Já não existem homens como tu, dizem-me às vezes, e eu fico a pensar se é um
elogio ou exactamente o contrário. No entanto, mudam-se os tempos e com os
tempos mudam-se (ou morrem) as tradições e os lugares. Sempre foi assim e
sempre assim será. Não tenho nada contra, no geral, e muito menos no caso do
Aliança.
O Aliança que
eu conheci está morto, já não existe, a não ser na minha memória. Levanto-me e
vou à casa de banho, que já não é onde era, e sinto a falta do corredor à
esquerda que já não existe e levava ao quiosque, ao corredor onde se jogava
xadrez e, recordo-me ainda, à sala dos bilhares. E, no entanto, o Aliança está
vivo, está mudado mas está vivo, se para melhor ou pior, sinceramente não sei,
acho que depende do ponto de vista e acho que erra quem tomar partido, assim,
sem mais nem menos, preto no branco.

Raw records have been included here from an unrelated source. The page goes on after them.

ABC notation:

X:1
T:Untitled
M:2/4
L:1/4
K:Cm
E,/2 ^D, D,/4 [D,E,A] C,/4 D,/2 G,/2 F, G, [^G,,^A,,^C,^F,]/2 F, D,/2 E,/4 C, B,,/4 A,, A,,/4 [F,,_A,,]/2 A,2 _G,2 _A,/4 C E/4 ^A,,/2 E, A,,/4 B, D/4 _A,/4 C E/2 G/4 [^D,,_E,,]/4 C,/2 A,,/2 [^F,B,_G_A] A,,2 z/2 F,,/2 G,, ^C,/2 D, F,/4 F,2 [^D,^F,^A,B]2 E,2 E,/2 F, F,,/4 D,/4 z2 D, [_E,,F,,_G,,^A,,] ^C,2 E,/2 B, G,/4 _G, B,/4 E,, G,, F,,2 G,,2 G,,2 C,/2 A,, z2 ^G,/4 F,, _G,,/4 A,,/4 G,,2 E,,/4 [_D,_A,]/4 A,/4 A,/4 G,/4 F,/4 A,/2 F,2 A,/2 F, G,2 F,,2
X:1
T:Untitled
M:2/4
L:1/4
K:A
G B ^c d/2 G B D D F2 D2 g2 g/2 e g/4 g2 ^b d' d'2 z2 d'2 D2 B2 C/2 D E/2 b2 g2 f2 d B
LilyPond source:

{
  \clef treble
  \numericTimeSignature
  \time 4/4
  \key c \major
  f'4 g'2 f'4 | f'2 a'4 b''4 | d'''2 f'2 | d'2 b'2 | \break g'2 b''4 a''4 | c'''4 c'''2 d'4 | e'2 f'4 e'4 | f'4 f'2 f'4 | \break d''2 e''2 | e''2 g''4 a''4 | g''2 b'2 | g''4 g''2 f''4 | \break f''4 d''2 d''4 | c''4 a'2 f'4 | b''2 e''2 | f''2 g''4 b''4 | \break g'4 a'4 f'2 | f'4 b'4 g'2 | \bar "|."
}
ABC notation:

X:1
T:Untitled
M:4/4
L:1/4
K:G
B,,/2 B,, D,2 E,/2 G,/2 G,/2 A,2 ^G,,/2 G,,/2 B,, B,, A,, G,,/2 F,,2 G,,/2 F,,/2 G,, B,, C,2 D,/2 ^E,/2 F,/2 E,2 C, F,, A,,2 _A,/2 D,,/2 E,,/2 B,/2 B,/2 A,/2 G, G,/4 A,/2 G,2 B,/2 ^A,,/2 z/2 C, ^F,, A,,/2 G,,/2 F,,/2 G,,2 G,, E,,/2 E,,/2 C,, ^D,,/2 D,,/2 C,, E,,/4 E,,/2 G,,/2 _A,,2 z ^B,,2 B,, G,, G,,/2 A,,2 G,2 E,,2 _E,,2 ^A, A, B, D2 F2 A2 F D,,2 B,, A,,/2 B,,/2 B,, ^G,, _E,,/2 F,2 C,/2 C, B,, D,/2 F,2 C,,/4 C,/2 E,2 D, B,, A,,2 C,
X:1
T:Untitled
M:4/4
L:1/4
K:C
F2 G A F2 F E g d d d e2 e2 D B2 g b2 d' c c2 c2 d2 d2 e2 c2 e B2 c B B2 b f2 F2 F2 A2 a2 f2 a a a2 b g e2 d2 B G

Confesso que se fosse a minha primeira vez
no Aliança, este local me agradaria sem sombra de dúvida, mas tenho memórias do
Aliança e tinha (e tenho) expectativas sobre este local e elas influenciam necessariamente
a minha opinião.
Logo à
partida, pela carga histórica que o café carrega, gostava de ver de alguma
forma acentuada essa característica com, por exemplo, um folheto que descrevesse
o passado do local ou um conjunto de livros e outros materiais disponíveis que
o documentassem (podiam passar no ecrã existente utilizado para televisão)

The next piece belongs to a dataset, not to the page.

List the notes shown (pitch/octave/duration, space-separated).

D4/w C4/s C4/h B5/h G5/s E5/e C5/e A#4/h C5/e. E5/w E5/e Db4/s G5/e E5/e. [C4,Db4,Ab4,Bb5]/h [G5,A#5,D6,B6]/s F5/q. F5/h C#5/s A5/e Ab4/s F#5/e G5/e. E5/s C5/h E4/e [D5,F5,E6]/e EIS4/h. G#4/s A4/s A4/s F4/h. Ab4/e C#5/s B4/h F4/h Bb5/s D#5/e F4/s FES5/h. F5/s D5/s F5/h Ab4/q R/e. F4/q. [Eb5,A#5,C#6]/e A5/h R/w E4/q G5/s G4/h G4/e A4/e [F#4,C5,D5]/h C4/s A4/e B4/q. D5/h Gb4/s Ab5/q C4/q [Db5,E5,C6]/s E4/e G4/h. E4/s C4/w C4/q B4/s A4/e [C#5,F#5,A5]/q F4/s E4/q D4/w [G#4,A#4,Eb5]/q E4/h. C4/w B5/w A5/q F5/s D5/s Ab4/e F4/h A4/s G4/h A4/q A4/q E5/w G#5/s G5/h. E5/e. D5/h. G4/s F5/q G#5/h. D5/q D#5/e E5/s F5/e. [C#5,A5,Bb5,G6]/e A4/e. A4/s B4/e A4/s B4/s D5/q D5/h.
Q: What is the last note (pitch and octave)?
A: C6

preservando/documentando esse mesmo passado. Dada a carga cultural do mesmo também
me pareceria bem a existência no lugar de lançamentos de livros, recitais,
espectáculos, mas este é apenas um ponto de vista, o meu ponto de vista, fruto
do meu passado, do meu relacionamento com o lugar e da minha visão de um futuro
presente.
Numa entrevista publicada antes
da reabertura do Aliança o responsável por este espaço, Mário Nogueira,
afirmava, parecendo concordar comigo que, entre outras coisas, “Queremos que
volte a ser um espaço popular com um bom peso na área da divulgação da poesia,
música, jazz, música popular, (no próximo ano quero charolas no Aliança). Como
dizemos no slogan, que já começámos a divulgar, queremos que seja o
Coração de Faro.”
Nestas
crónicas pretendo apenas levantar questões, expor mais dúvidas do que certezas.
Não pretendo ter razão, disso estou certo, pelo menos aquela razão que exclui
todas as outras razões.
O Aliança está morto! Longa vida
ao Aliança!
Ah, já me esquecia, a cerveja é
boa e pode pedir-se um traçado de cerveja branca e preta.